Not a fan. Not at all. In fact, I’d probably hibernate if I could get away with taking several months in a row off from work. Though I’m perfectly fine running in the wee hours of the day, running in the dark and cold is an entirely different beast. I believe in “rising to the challenge” as much as the next person, but this particular obstacle is more likely to send me scurrying back under the covers rather than steeling myself for a conquest. If I do manage to get out the door, it’s not without a hefty dose of complaining that often lasts the rest of the day.
Here’s just a short list of things I don’t like about winter running: My toes go numb immediately. My fingers follow shortly thereafter.

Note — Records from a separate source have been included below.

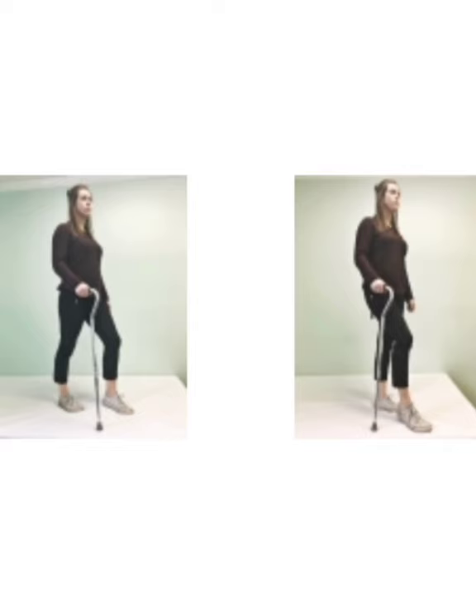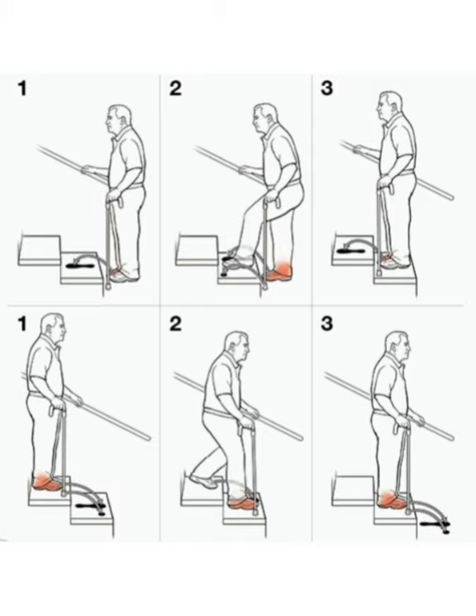When ambulating stairs or steps, use handrails for extra safety whenever possible. Indicated in red will be the weaker leg. When going up, you step with the foot closest to the cane first — your stronger leg — followed by the cane and opposite foot.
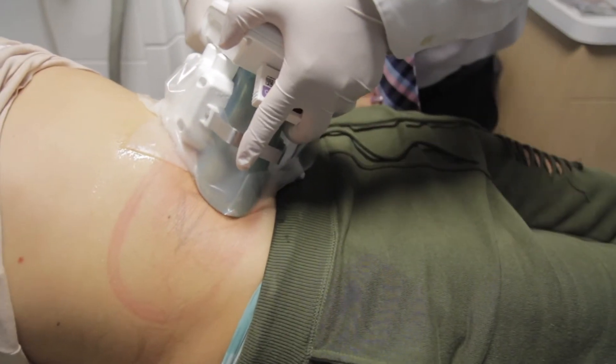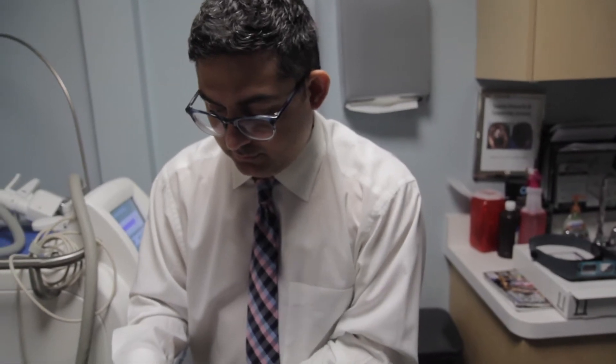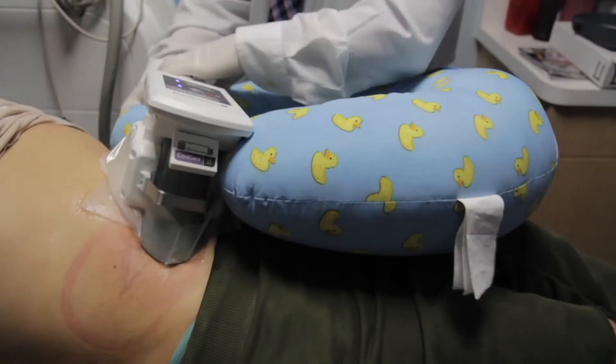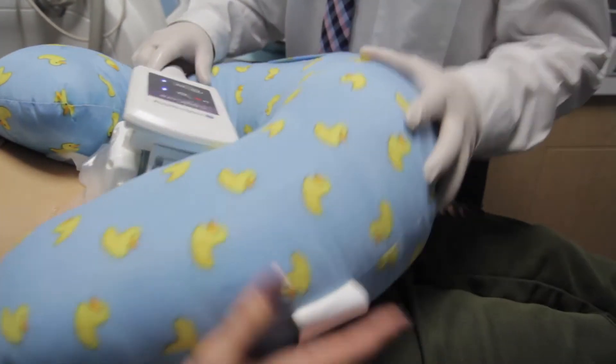Now I'm going to turn the machine back on again and apply the suction to the area. It's sucked in very well. I know it's tight and it's squeezing. We have a duck-shaped holder that we place surrounding the device here so it doesn't fall.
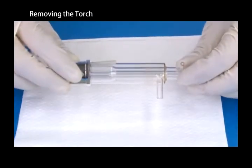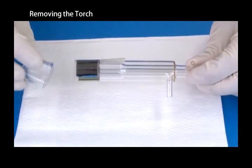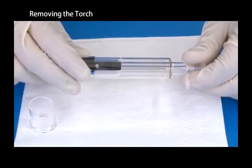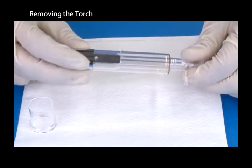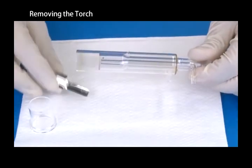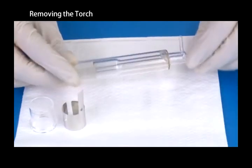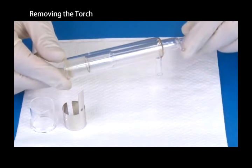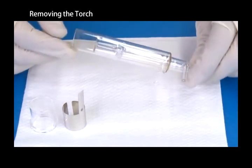Remove the bonnet and shield plate from the torch. Check the torch, bonnet and shield plate for imperfections after removal.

My hands lose dexterity for the next few hours as circulation tries to reassert itself as part of normal bodily functioning. My nose runs faster than my PR. Once finished with running, I spend at least the next hour shivering so violently my jaws ache from being clenched. Then I usually spend the rest of the day indoors wearing my heaviest down jacket or wrapped up in a blanket. Sometimes both. (Neither of which, I’m pretty sure, qualifies as “business casual” at the office). Did I mention yet that complaining is a major side effect of winter running?
Winter and I don’t always get along. Not a huge problem. As a result, I tend to run less in the winter. This, however, is a problem, especially with the Boston Marathon looming weeks away. Mileage counts. Every step of training brings me one step closer to the finish line. Skipping runs now is risky to say the least.
My solution to this problem is indoor running. The treadmill. In many ways this feels like defeat. I know countless other runners undeterred by the weather who tell me of their frigid adventures. Why don’t I have the fortitude to do that? Not to mention I can already hear the distant chorus of naysayers espousing judgments and opinions about this tactic. My interpretation of this leads me to the conclusion that “real runners” don’t train for the Boston Marathon on a treadmill. “Real runners” train in any and all weather conditions.
That’s not a very nice thing to say to myself. I’m trying to shift my perspective to recognize and accept this as one of my limits rather than labelling it as a shortcoming. I can work on pushing past this limit later; in the meantime I need to find a way to work around it. Doing part of my marathon training on a treadmill doesn’t make me a bad person or an imposter. What matters most right now is that I run, period. If those miles happen on a treadmill, they happen on a treadmill. They just need to happen.